There are a range of laws that fleet managers and their drivers need to adhere to.
These range from road safety laws such as speed limit regulations, anti-drink driving legislation and minimum vehicle standards rules to health and safety regulations in the workplace and even anti-smoking laws that apply in company vehicles.
Some of the key legislations are:
Health and Safety at Work Act 1974
Employers have a ‘duty of care’ for the safety of employees at work, regardless of the type or size of business. There is also a duty of care to others who may be affected by their business activities which, in the case of driving, means all other road users.
Management of Health and Safety at Work Regulations 1999
Employers are required to carry out risk assessments, make arrangements to implement necessary measures, appoint competent people and arrange appropriate information and training.
- HSE guide to health and safety laws - a manager's guide
- HSE guide - a simple guide to the Provision and Use of Work Equipment Regulations 1998
The Provision and Use of Work Equipment Regulations 1998
The Regulations ensure work equipment is suitable for its intended use, safe and inspected, and properly maintained. They also require those using the equipment to be properly trained.
The Road Vehicles (Construction and Use) Regulations 1996
These set out the standards for vehicles on UK roads.
The Workplace (Health, Safety and Welfare) Regulations 1992
These cover a wide range of basic health, safety and welfare issues including traffic routes for vehicles within the workplace.
- EC Drivers’ Hours Rules
- UK Domestic Drivers’ Hours Rules
- The Road Transport (Working Time) Regulations 2005
It is both the driver’s and employer’s responsibility to ensure compliance with drivers’ hours and Tachograph Regulations. They are applicable to goods vehicles in excess of 3.5 tonnes.
Road Traffic Acts, supported by the Highway Code
It is an offence for an organisation to set driver schedules that may cause them to break speed limits and/or have reward schemes that in any way incentivise them to do so.
Drink driving regulations
It is against the law to drive or be in control of a vehicle if you have 80mg of alcohol or more per 100ml of blood, 35mcg per 100ml of breath or 107mg per 100ml of urine. In most other European countries, the limit is less, usually 50mg per 100ml of blood. However, the rules are currently being revised.

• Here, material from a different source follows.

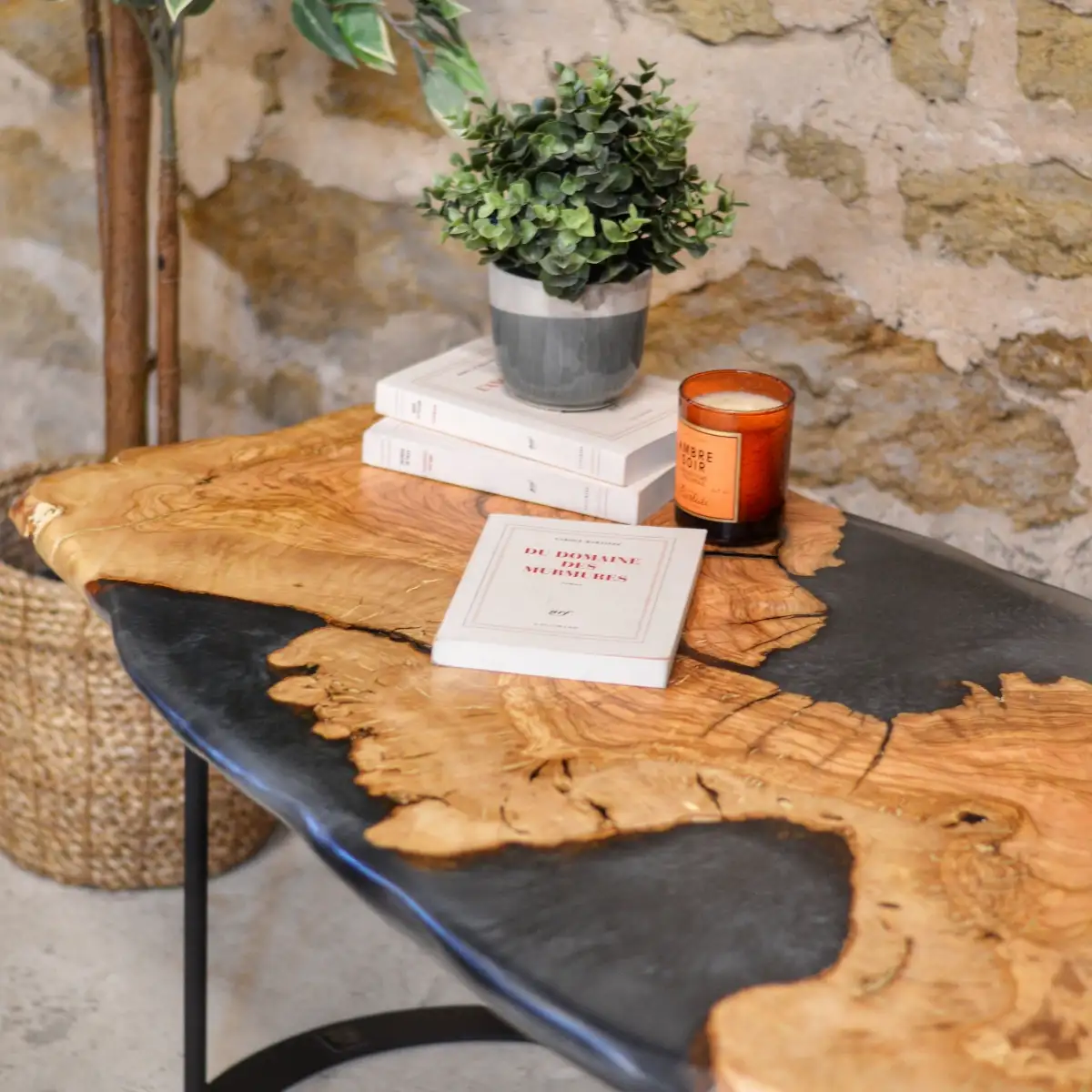 Table "Silver Oval"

The Smoke-free (Premises and Enforcement) Regulations 2006 came into force in July 2007. It banned smoking in company vehicles that are used by one or more people for work. The ban applies to all cars/vans/lorries at all times if they can be used by one or more people (as driver or passenger) in the course of paid or voluntary work, regardless of whether they are in the vehicle at the same time.
Therefore, smoking will be prohibited in all vehicles which are used primarily for business purposes by more than one person. Vehicles used primarily for private purposes or for business purposes only by the driver are exempt and employees can smoke in those vehicles.

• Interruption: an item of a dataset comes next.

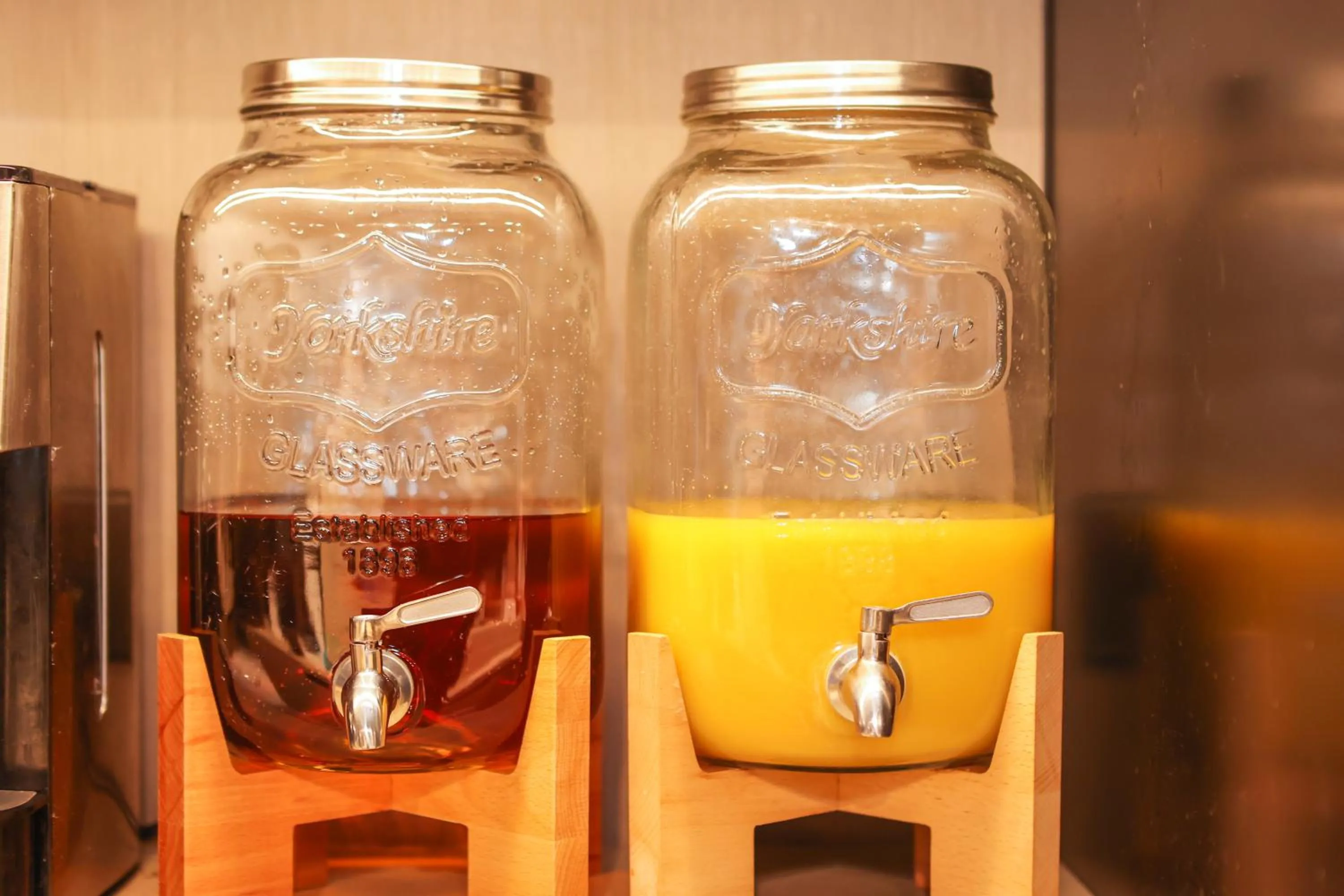 Restaurant/places to eat in JI Hotel (Shanghai People's Square Middle Fujian Road)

Using a hand-held phone or sat nav while driving
It’s illegal to hold a phone or sat nav while driving or riding a motorcycle. You must have hands-free access, such as:
- a bluetooth headset
- voice command
- a dashboard holder or mat
- a windscreen mount
- a built-in sat nav
The device must not block your view of the road and traffic ahead.

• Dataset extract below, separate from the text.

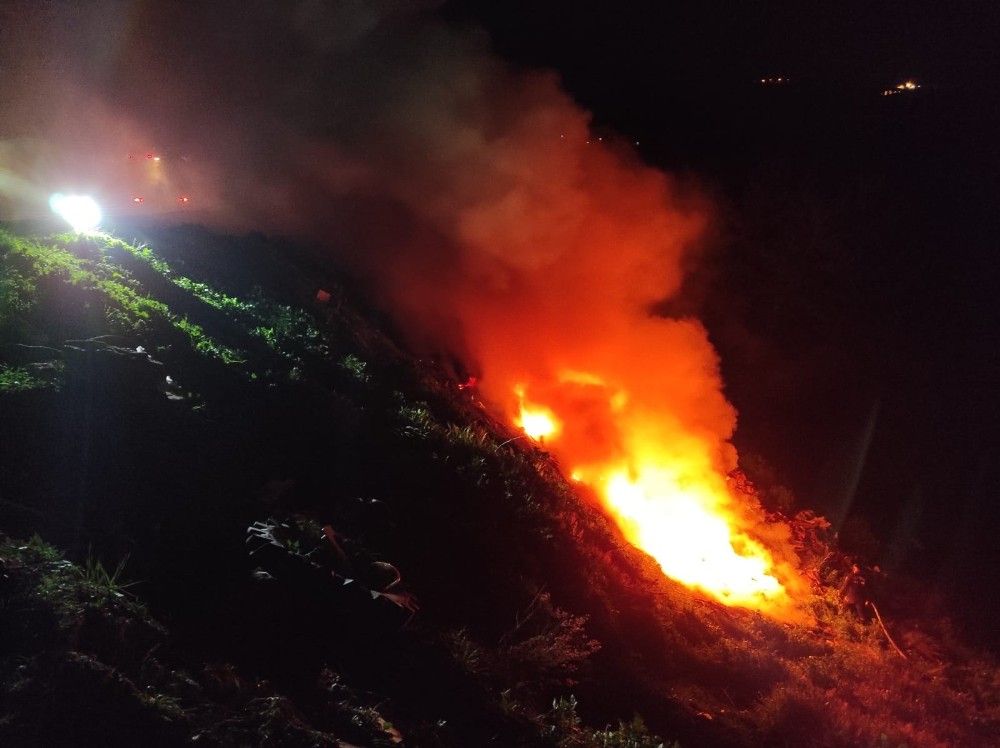 Kuşadası'nda hafriyat döküm alanında yangın çıktı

You can get 6 penalty points and a £200 fine if you use a hand-held phone when driving. You’ll also lose your licence if you passed your driving test in the last 2 years.
You can get 3 penalty points if you don’t have a full view of the road and traffic ahead or proper control of the vehicle.
You can also be taken to court where you can:
- be banned from driving or riding
- get a maximum fine of £1,000 (£2,500 if you’re driving a lorry or bus)
New rules will come into force next year which mean holders of commercial licences will have to have their eyes tested every five years, and holders of private licences will be tested every 10 to 15 years.